Фридрих, превосходящий прочих смертных столькими необыкновенными качествами, в этом случае словно отмстил за человечество, униженное его гением. Надежда на нового союзника заставила его позабыть о заботах для своих храбрых войск, которых он впервые лишил теперь так называемых зимних гостинцев, т. е. денег, которые необходимы были для предстоящей кампании многим бедным офицерам, живущим исключительно на свое скудное жалованье, и которые теперь неизвестно почему, в минуту счастья, были удержаны. Даже благовидного предлога не было дано для объяснения, почему этот столь необходимый, справедливый и обязательный подарок, раздаваемый каждую зиму, был теперь отнят у патриотических и обожающих своего короля воинов[295*]. Всякий унтер-офицер получал 50 рейхсталеров, капитан – 500; сумма эта увеличивалась, таким образом, с каждым чином, с помощью ее приобретались лошади и военные принадлежности, взамен сделавшихся негодными в предыдущей кампании. Ротные командиры должны были на них снабдить своих солдат всем необходимым, так что деньги эти являлись не столько справедливым благодеянием, сколько величайшим долгом чести. Вместо этого подарка получены были строгие распоряжения, касавшиеся незначительных формальностей. Во все время войны офицеры употребляли всегда в походах шпагу вместо эспонтона[296], который в поле совершенно не нужен, даже обременителен и совершенно не годится для защиты. Теперь же это парадное оружие должно было употребляться во всех случаях; то же можно было заметить и во многих мелочах, обнаруживавших беззаботность, уверенность и сознание счастья гордого вождя.

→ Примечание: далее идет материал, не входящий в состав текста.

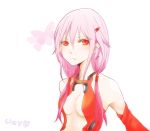  1girl bare_shoulders blush breasts center_opening cleavage detached_sleeves guilty_crown long_hair looking_at_viewer pink_hair red_eyes solo twintails yuzuriha_inori 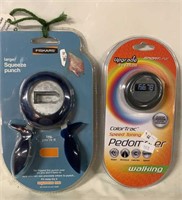 FISKARS SQUEEZE PUNCH AND WALKING PEDOMETER NEW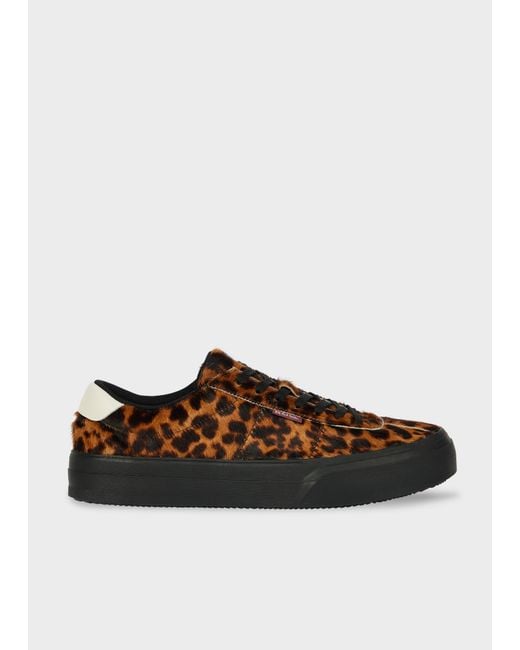 Paul Smith Brown Leopard Print 'Dillon' Trainers for men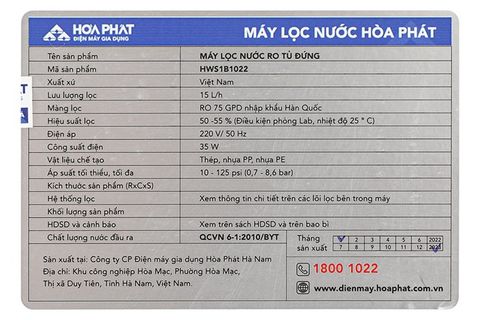 Máy lọc nước RO Hòa Phát HWS1B 1022 10 lõi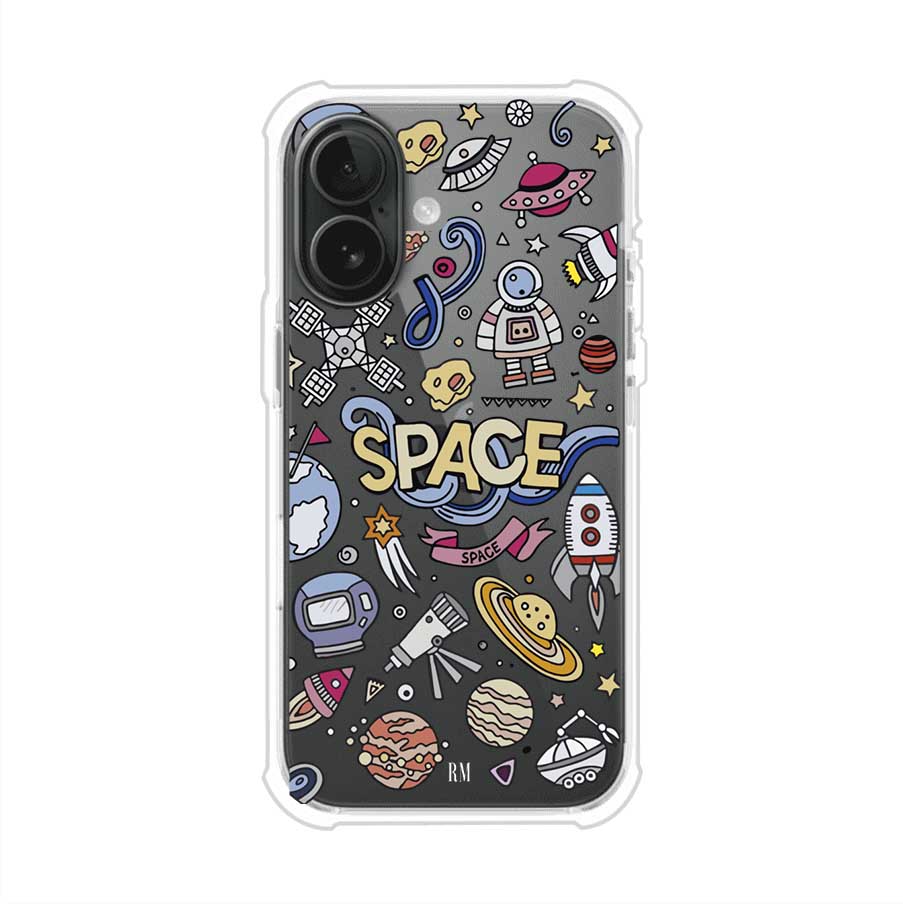 Funda para iPhone con diseño espacial, incluye ilustraciones de planetas, cohetes, astronautas y estrellas en estilo doodle divertido. Producto de Remark Mx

Фридрих в эту зиму был посещен новым послом татарского хана, который обещал прислать весной Фридриху 40 000 человек. Посол был снова осыпан подарками, и хан сначала сдержал слово. Татары выступили в поход, но не против России, а для вторжения в Венгрию. Генерал Вернер, уроженец этой страны, должен был тогда присоединиться к ним у Офена с небольшим прусским корпусом. От этой операции можно было ожидать многого, так как сильно теснимые в то время венгерские протестанты наверное тотчас же взбунтовались бы; но татары не явились. Походив некоторое время возле границ Польши, они вернулись обратно.

вернуться

293*

Сам автор, стоявший тогда на зимней квартире в Бреславле, слышал, к своему удивлению, эти странные суждения; это доказывает, как мало знали характер великого государя, с которым так давно воевали. [Прим. автора]

вернуться

294

Имеется в виду Фридрих Вильгельм II (1740–1797), племянник Фридриха II, правивший Пруссией с 1786 г. Известно, что король относился к нему настороженно – прежде всего из-за легкомыслия Фридриха Вильгельма – и не подпускал ни к делам управления, ни к командованию какими-либо воинскими частями.

вернуться

295*

Автор слышал, что некоторые полки, стоявшие тогда в Саксонии, по ошибке кассиров, получили эти деньги, об упразднении которых никому даже не снилось. Но армия самого короля в Саксонии, согласно его положительному приказанию, не получала ничего. [Прим. автора]

вернуться

296

Имеется в виду протазан, облегченная разновидность алебарды; он действительно использовался во время парадов, но в середине XVIII в. был уже бесполезен на поле боя.